Yurt dışında müşteri bulmak isteyen firmalar Google Adwords reklamları aracılığı ile web sitelerini, ürünlerini ve şirketlerini ulaşılabilir kılmayı ve hedef ülkelerde belirlenmiş anahtar kelimeler üzerinden reklam vermeyi de tercih edebiliyorlar. Ayrıca alanınız ile ilgili niş sitelere reklamlar vermek de yeni müşterilere ulaşmanızı sağlayacak yollardan biri olarak kabul ediliyor.
İlgili Kurumların Kapısı Çalınmalı
Hedef ülkelerdeki Türk Ticari Ateşelikleri ile iletişime geçilerek ilgili sektördeki ithalatçıların listesi de temin edilebiliyor. Ayrıca; Ticaret Odaları, İhracatçı Birlikleri, TOBB gibi kuruluşların duyurularının düzenli olarak takip edilmesi de firmalar için avantaj sağlıyor. Böylece organize edilen yurtdışı gezileri, ülkemize gelen alım heyetleri, fuarlar ve talepler ile ilgili güncel bilgilere sahip olabiliyorlar.

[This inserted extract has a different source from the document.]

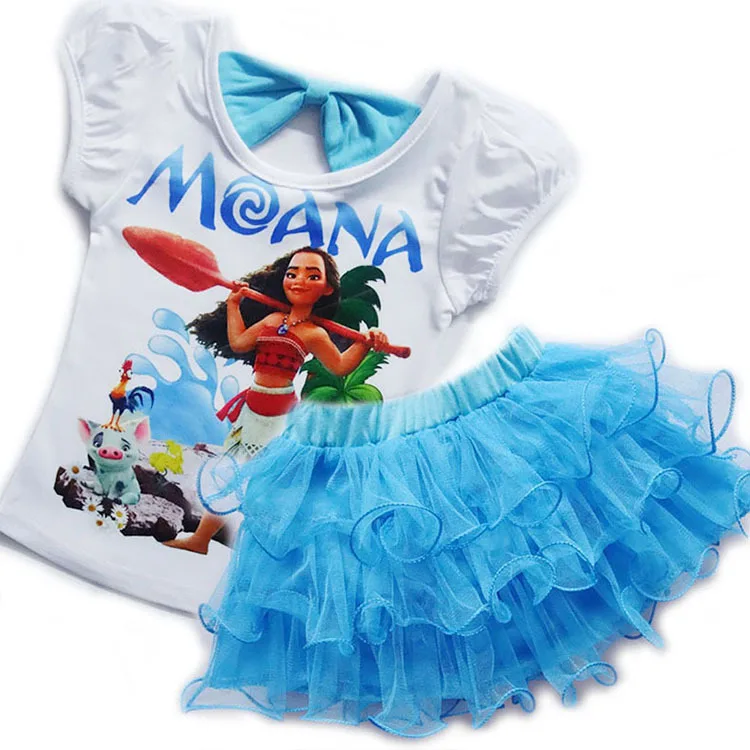Moana/летние вечерние платья принцессы с изображением океана для маленьких девочек, платье с рисунком Моаны для детей, От 3 до 12 лет Одежда для девочек футболка+ короткая юбка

Uluslararası Fuarlar Büyük Fırsatlar Barındırıyor
Yurt dışında müşteri bulmak isteyen firmalara, uluslararası fuarlara katılmak da büyük fayda sağlayabiliyor. Sektörleri ile ilgili tedarikçilerin, rakiplerin ve müşteri adaylarının bir arada bulunabileceği ve gözlemlenebileceği fuarların takip edilmesi, gerek ziyaretçi gerek katılımcı olarak bu organizasyonlarda bulunulması başarılı ticari ilişkiler kurulmasında etkili olabiliyor. Bununla birlikte yurt dışı fuarlara katılacak firmaların bunu bir takvime yayması ve katılımdan önce fuarla ilgili beklentilerini netleştirmeleri öneriliyor. Böylece hedeflerine ve beklentilerine göre doğru planlama ile doğru bağlantılar kurma ihtimalleri artıyor. Ayrıca Türkiye’de de yabancı ziyaretçilerin ya da katılımcıların olduğu fuarların da göz ardı edilmemesi gerekiyor.
Her ne kadar daha eski bir yöntem olsa da e-mail pazarlaması da firmanın tanıtımı, tepkilerin ölçülmesi ve potansiyel müşteriler ile ilk kontağın kurulması noktasında etkili yöntemlerden biri olarak kabul ediliyor. Bu yolu denemek isteyen firmaların hem şirketlerini hem de ürünlerini tanıtabilecekleri görsel bir sunuma ihtiyaçları oluyor. Bu sunumun İngilizce ve birkaç dilde hazırlanması ise daha büyük etki oluşturulmasını sağlayabiliyor.